I was there today to remove a very nice shower door that I installed to make it accessable for now and installed a few grab bars for him :sad:


----------



## griz (Nov 26, 2009)

Check here:

http://www.brick-floor-tile.com/index.html

I've been looking for the same thing for repair/remodel in a friends kitchen.


----------



## Tech Dawg (Dec 13, 2010)

I called and left them a message. Hopefully they got what I need :thumbup:


----------



## NJ Brickie (Jan 31, 2009)

It is definitely not Z-Brick.


----------



## astor (Dec 19, 2008)

You may find it at Elgin Butler-McIntyre Tile, but it may be overpriced...glazed tiles


----------



## NK Flooring (Aug 21, 2008)

I know there are some small ceramic shops in Cali and on the East coast that will match and make you new tiles.

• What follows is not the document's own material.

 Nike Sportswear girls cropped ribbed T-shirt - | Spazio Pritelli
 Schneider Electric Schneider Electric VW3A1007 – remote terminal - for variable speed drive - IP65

Warning - this is not cheap I had to have this done about 10yrs ago for some old 3" WWII era tiles - about 20 bucks per tile. I will try to locate the info and post it for you or google some search info.


----------



## charimon (Nov 24, 2008)

you said you had 1200 sf of it. a couple questions.
1. once you cut out the grout how easy do they pop. 
2. if they pop pretty easy, is there a closet or small room that you could pull from and then put some carpet in to cover it. (you could even put some New Brick tile if they don't match the old well enough to put in the old field)


----------



## WilsonRMDL (Sep 4, 2007)

Www.ambrico.com. My buddy Troy works there, they supply mostly brick veneer but that looks to be pretty close to your brick-tile pictured.


----------



## Tech Dawg (Dec 13, 2010)

charimon said:


> you said you had 1200 sf of it. a couple questions.
> 1. once you cut out the grout how easy do they pop.
> 2. if they pop pretty easy, is there a closet or small room that you could pull from and then put some carpet in to cover it. (you could even put some New Brick tile if they don't match the old well enough to put in the old field)


No closets 
The tile starts at the garage door entry and goes 25 feet to the kitchen and dining room...
In the hall way is a 1/2 door and they keep the dog on the garage side(that's why the floor is beat, from the dog peeing and sloppy feet coming in from the outside). I told her that I will tearout from the garage door to the doggy door, block and install new ply etc... and retile. So far, I found a close match in color with the Dal brick paver line so she may take that route instead of a large expense in an exact match. Only problem is that its thicker than existing so that's why I want to do it to the doggy door so I can use a transition strip of sorts...


----------



## opiethetileman (Apr 7, 2005)

did ya find your tile TODD????


----------



## Tech Dawg (Dec 13, 2010)

No, she didn't like the Dal version and doesn't want to pay 20 bux per tile so she's going to find a 12x12 with a close color match to install at the entry way... probably the best solutuon imo


----------



## opiethetileman (Apr 7, 2005)

what about sunshine pavers????? I have installed TONS of it comes in many colors. Its made here in florida and can be blended to old school work as well


----------